By Gregory Pings
“I created a report on a work station at my desk. Saved it to a floppy disk. Carried the disk down the hall to the laser printer, and inserted the disk into the workstation. Boot up the printer, then print.”
That was one element the modern workplace in the 1980s, as described by Keith Kmetz, now vice president of Imaging, Printing and Document Solutions for market intelligence provider IDC. If you think the process to print a document was overly laborious, Kmetz was only talking about to the first draft.
“From the printer, the document went into an interoffice envelope and sent to an editor. We’d meet in-person, he’d redline the copy and we’d talk over the edits,” Kmetz recalled.
Then it was back to step one, and the process could repeat several times. The so-called “office of the future” was only beginning to taking shape.
“It was sadly hilarious,” he said, “But that’s how it was done — in an office, working 9 to 5, and you’d better be at your desk because working any place else wasn’t possible.”
Technology changes everything
Connectivity, regular engagement with his team and clients, and the proximity to charging stations define Kmetz’ workday. That’s because his job is no longer 9 to 5. He works in multiple office locations like his IDC office, his home office and off-site in a hotel room — that’s because he’s enabled to work from where ever he happens to be.

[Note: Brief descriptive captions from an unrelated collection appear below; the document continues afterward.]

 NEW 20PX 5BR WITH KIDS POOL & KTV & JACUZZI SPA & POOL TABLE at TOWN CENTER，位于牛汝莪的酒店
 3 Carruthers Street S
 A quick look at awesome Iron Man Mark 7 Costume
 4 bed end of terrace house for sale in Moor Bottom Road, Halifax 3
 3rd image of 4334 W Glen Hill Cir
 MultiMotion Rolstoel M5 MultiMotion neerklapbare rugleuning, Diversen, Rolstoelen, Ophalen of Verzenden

“Technology is a blessing and a curse,” Kmetz explained. “I can work from home. I can be productive while I’m travelling on business. I’m flexible, and I don’t have to commute. But as much as technology enables this flexibility, it can also overwhelm us. We’re bombarded by messages. I can’t possibly respond to everything as timely as I would always like, but I must be accessible.”
Don’t mistake this reality check for winsome wistfulness for the 1980’s. “I’m hugely more productive today than I was 35 years ago,” he emphasized.
Technology allows knowledge workers to be much more engaged with their clients. It has also changed the type of work that gets done.
“No one asks us about manufacturer’s specifications anymore, because that information is easily available on the internet,” Kmetz pointed out. “Today, IDC is much more sharply focused on being a trusted advisor that helps clients understand technology, how it’s used, where it’s going, its limits and possibilities.”
Technology, pages and the new rules for work
In the Xerox view, the metaphoric “page” is any container that holds data, such as a sheet of paper, an email, a database or a billboard — the list goes as far as your imagination and technology allow.
How do you set the page free?
Tweet us using #SetThePageFree, or share your thoughts in the comments below.
Some of these containers are physical; others are digital. Technology provides the bridge between these realms, which gives us the freedom to create, access and share information at any time regardless of where we (or the recipient) happen to be. However, the page does not get set free overnight, as Kmetz’ 35-plus years of experience shows. It takes as much time for technology to catch up with human behaviors and expectations, as it takes for humans to catch up with technology’s capabilities and promises – hence technology’s blessing/curse dichotomy.
Nevertheless, you’ll be hard-pressed to find someone who wants to go back to “the old days.”
“Technology enables flexibility, which defines the ideal work environment,” Kmetz said. His managers are able to trust that his work gets done, and Kmetz passes that trust to his decentralized team.
“Even though we’re no longer in a 9 to 5 box or even in the same building, this trust is enabled by parameters that allow us to do our jobs and give us the flexibility to take a break when we need it.”